마이크로 전자 회로 및 SRAM 기반의 FPGA 디바이스는 트랜지스터의 크기 감소 및 높은 패키징 밀도로 인한 고장 및 오류에 더 취약해지고 있기 때문에, 오류 검출은 시스템 신뢰성 측면에서 아주 중요한 문제이다.

오류는 크게 소프트 오류와 하드 오류로 분류할 수 있다. 하드 오류는 지속적인 결함으로 발생하나, 소프트 오류는 일시적 또는 간헐적으로 결함이 발생한다. 지금까지 알려진 바에 의하면, 오류의 대부분이 일시적인 오류로 인해 발생된다.

일시적인 오류로 인한 소프트 오류를 검출하는 기술은 일반적으로 프로세서의 성능감소를 가져오거나, 오류 검출에 필요한 추가적인 하드웨어 자원 및 전력소모가 요구되어 이의 적절한 조율과정을 거치게 된다. 이중 모듈 방식은 공통 모드 고장 (CMF)을 포함하여 대부분의 오류에 대응할 수 있지만, 구현상의 변화를 주어야 하고, 하드웨어 자원측면에서 두 배의 오버 헤드 비용이 필요하다. 삼중 모듈 방식(TMR)은 구현상의 변화없이 같은 모듈을 세 번 반복하여 사용할 수는 있으나, 하드웨어 오버헤드 비용이 높고, 각 모듈의 동일한 출력을 비교하기 위해 voting 회로가 필요하다. 추가적인 하드웨어 오버헤드를 피하기위하여, 피연산자를 회전 또는 이동하여 연산을 다시 한 후, 오류를 검출하기도 하는데, 이 경우 연산에 소요되는 시간이 추가되어 이 또한 시스템의 시간적인 오버헤드가 된다. 연산 중 오류검출 (CED) 방법은 산술 코드, 버저 코드, 패리티 코드 등을 사용하여 인코딩을 한 상태에서 연산을 수행한다. CED 기술의 효율적인 구현을 위해, 발생할 가능성이 높은 결함유형을 고려하는 것이 중요하다. VLSI 회로에서 고장은 일반적으로 단일방향 오류인 것으로 알려졌다. 단일방향 오류는 동시에 0 에서 1 또는 1 에서 0 으로 오류가 발생되지 않으며, 오류의 방향이 단일방향인 오류이다. 단일방향 오류 감지 (AUED) 기술은 하드웨어 자원 오버 헤드를 고려할 때, 오류 감지의 효율을 높인다. 본 논문에서는 여러개의 단일방향 오류를 탐지할 수 있는 확장 가능한 오류탐지 코딩 (SEDC)을 활용한다. SEDC 방식은 입력 데이터를 4-비트 이하로 분할하고, 분할 된 데이터를 동시에 인코딩하여 오류탐지코드를 할당한다. 따라서, 기존의 단일방향 오류탐지 방식과 달리, 입력데이터의 크기 'n'이 증가하더라도, 오류탐지코드 생성에 소요되는 시간은 증가되지 않으며, 기본 모듈들의 활용이 가능하여 구현의 복잡성도 증가되지 않는다.

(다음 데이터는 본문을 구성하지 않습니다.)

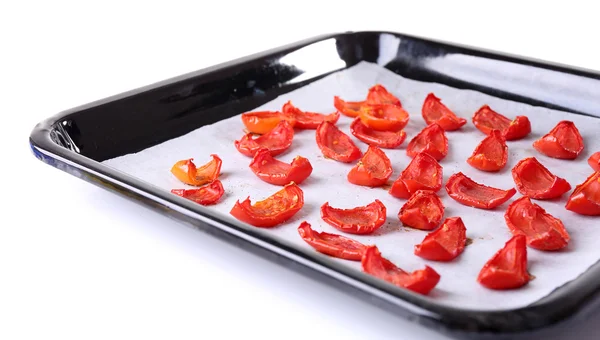 Sušenými rajčaty na sušení zásobník, izolované na bílém — Stock fotografie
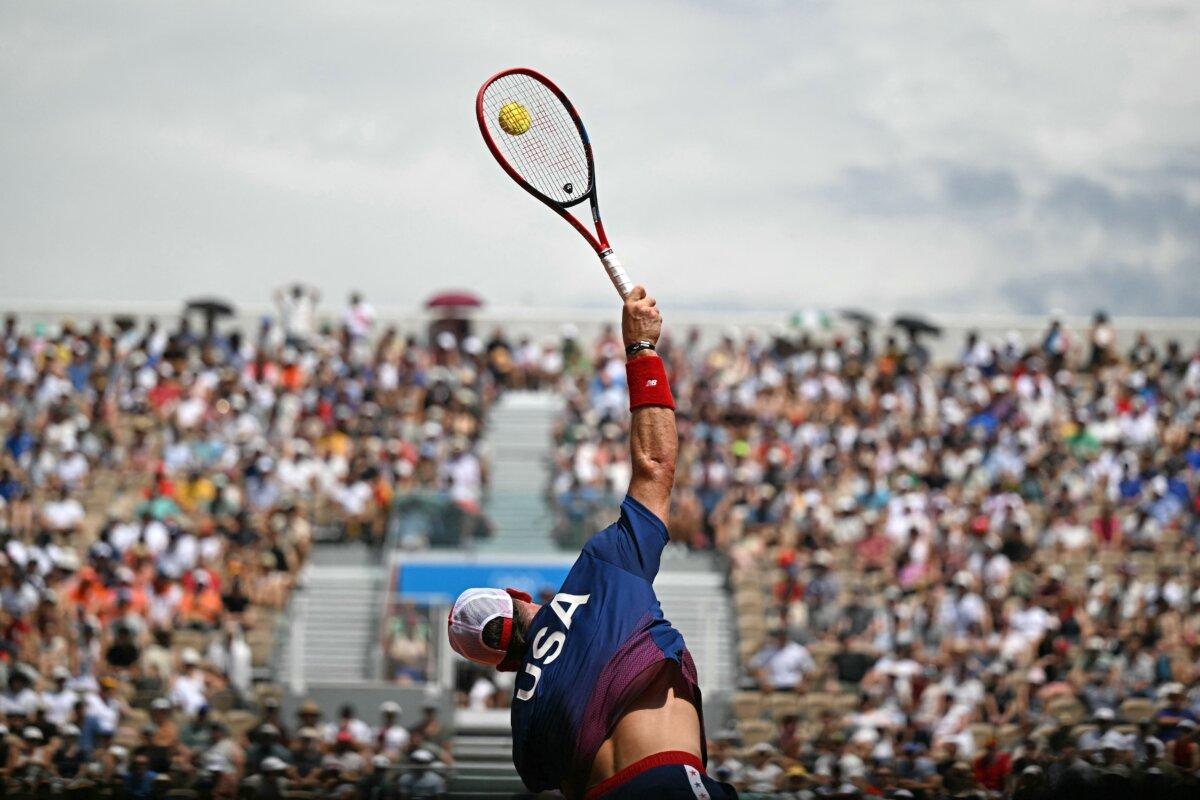Team USA's Tommy Paul serves to France's Corentin Moutet during their men's singles third round tennis match on Court Suzanne-Lenglen at the Roland-Garros Stadium during the Paris 2024 Olympic Games, in Paris on July 31, 2024. (Patricia De Melo Moreira/ AFP via Getty Images)
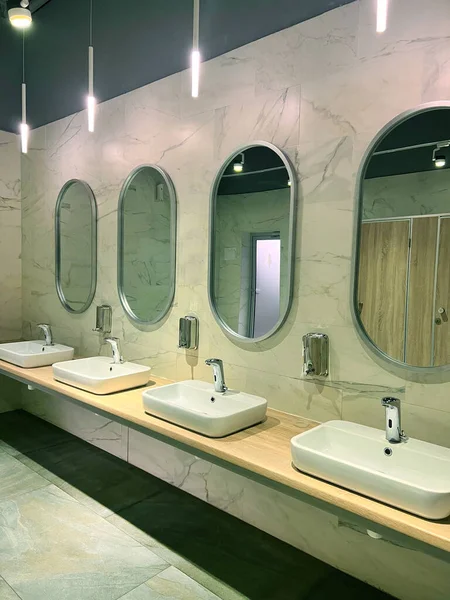 Modern restroom interior with stone gray tiles. Contemporary interior of public toilet. minimal interior with white tiles, round mirrors. Perspective of mens restroom. commercial bathroom.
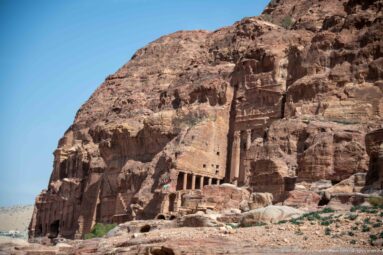 Wide view of Petra’s Palace Tomb carved into Jabal al-Khubtha, with its broad multi-story façade and surrounding cliff.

본 논문에서는 SEDC 방식을 사용하여, 단일 이벤트 오류발생에 대해 높은 내결함성을 가진 ALU 구조를 제안한다. 기존 관련연구에 비하여 제안된 SEDC 코드 기반 ALU는 하드웨어 오버헤드와 지연시간 측면에서 더 나은 결과를 보인다. SEDC 기반 32 비트 ALU의 ASIC 구현은 버저 코드 예측 ALU에 비하여 하드웨어 자원을 34% 절약했다 [5]. SEDC 기반 16 비트 ALU의 FPGA 구현은 버저 코드 예측 ALU에 비하여 하드웨어 자원을 39% 감소시켰다. 이와 더불어, SEDC 기반 확장가능한 자가완전검증회로(TSC)가 하드웨어 자원과 지연시간을 고려할 때 매우 효율적임을 보였다. 32 비트인 경우, 버저코드 기반 TSC 에 비하여 SEDC 기반 TSC을 사용하였을 때, 하드웨어 자원 사용량이 67% 감소하였고, 지연시간은 81% 향상되었음을 보였다. 추가적으로, 하드 오류를 완화하기 위해 FPGA 의 재구성 기능을 활용할 수 있음도 보였다.

#### I. Introduction

#### A. Research Motivation

System reliability has become a major concern as the transistor size decreases [1]. The consequence of increasing complexity in the functionality of applications accelerated the demand of more reliable system. On the other hand, people don't want to return back to less sophisticated systems due to the grown dependence on luxuries automated systems.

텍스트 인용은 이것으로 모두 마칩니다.